After Border Patrol Shuts Down Checkpoints, Cartels Thrive in New Mexico County

May 7, 2019 Updated: May 7, 2019

Mexican cartels are thriving in New Mexico county, where the U.S. federal government shut down two local checkpoints which were critical in stopping narcotrafficking and illegal immigration through the border at El Paso, Texas.

Last month, Otero county became the first community to declare a state of emergency, and recently, their county sheriff, David Black, told the New York Post on May 5, that: “It’s a green light for the cartels when border checkpoints are down.”

The Epoch Times reported on this situation on March 28, when all highway Border Patrol checkpoints in New Mexico were shut down in order to re-allocate agents to deal with the influx of migrants coming in from south of the border. These checkpoints, within 100 miles of the border, were supposed to protect against people seeking to illegally enter the country. At the time, sheriff Black warned that these actions would result in his county becoming undefended.

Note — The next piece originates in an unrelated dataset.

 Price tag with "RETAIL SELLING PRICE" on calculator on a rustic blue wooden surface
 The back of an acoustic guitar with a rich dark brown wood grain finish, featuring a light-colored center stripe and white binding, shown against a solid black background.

A Border Patrol agent loads detained migrants into a van at the border of the United States and Mexico in El Paso
A Border Patrol agent loads detained migrants into a van at the border of the United States and Mexico in El Paso, Tex., on March 31, 2019. (Justin Sullivan/Getty Images)

A Border Patrol official had told the Texas Monthly, back in March, “We were told to go ahead and close down all the checkpoints” in order to help handle the surge in large numbers of families and unaccompanied children crossing the border that have been overwhelming border officials. The official’s concerns were clearly voiced:  “It’s really out of control. It’s bad.”

At the time, U.S. Customs and Border Protection Commissioner Kevin K. McAleenan said during a press conference that this increased influx in illegal crossings along the Southwest border was turning into a serious strain on law enforcement resources, and warned that the immigration system has reached a “breaking point,” according to the El Paso Times.

Later in April, it was reported that officials from the city of Las Cruces, New Mexico, which neighbors Otero county, were forced to spend about $75,000 in humanitarian assistance, after nearly 1,600 Central American migrants were released in their community within a 10-day period.

The Epoch Times reported on how this situation caused a rift between the state governor and local community officials who passed an emergency declaration with a unanimous vote. These local dynamics at the Southern border have highlighted a significant part of the broader national debate on illegal immigration under the Trump administration.

Migrants from Central America are seen escorted by U.S. Customs and Border Protection officials after crossing the border from Mexico to surrender to the officials in El Paso, Texas, U.S., in this picture taken from Ciudad Juarez
Illegal aliens from Central America are seen escorted by U.S. Customs and Border Protection (CBP) officials after crossing the border from Mexico to surrender to the officials in El Paso, Texas, on Dec. 3, 2018. (Jose Luis Gonzalez/Reuters)

President Trump declared a National Emergency concerning the U.S. Southern Border back in February, following the disputes on border security funding leading to the longest-ever government shutdown from December 2018 to January 2019.

Congress has so far appropriated $1.4 billion for a border wall and under Trump’s emergency declaration, an additional $3.6 billion will be available from military funds in order to build the wall.

Trump called once again on Congress today to fix the nation’s ineffective immigration system, implying that if they do not, he will have to take further action on border security himself.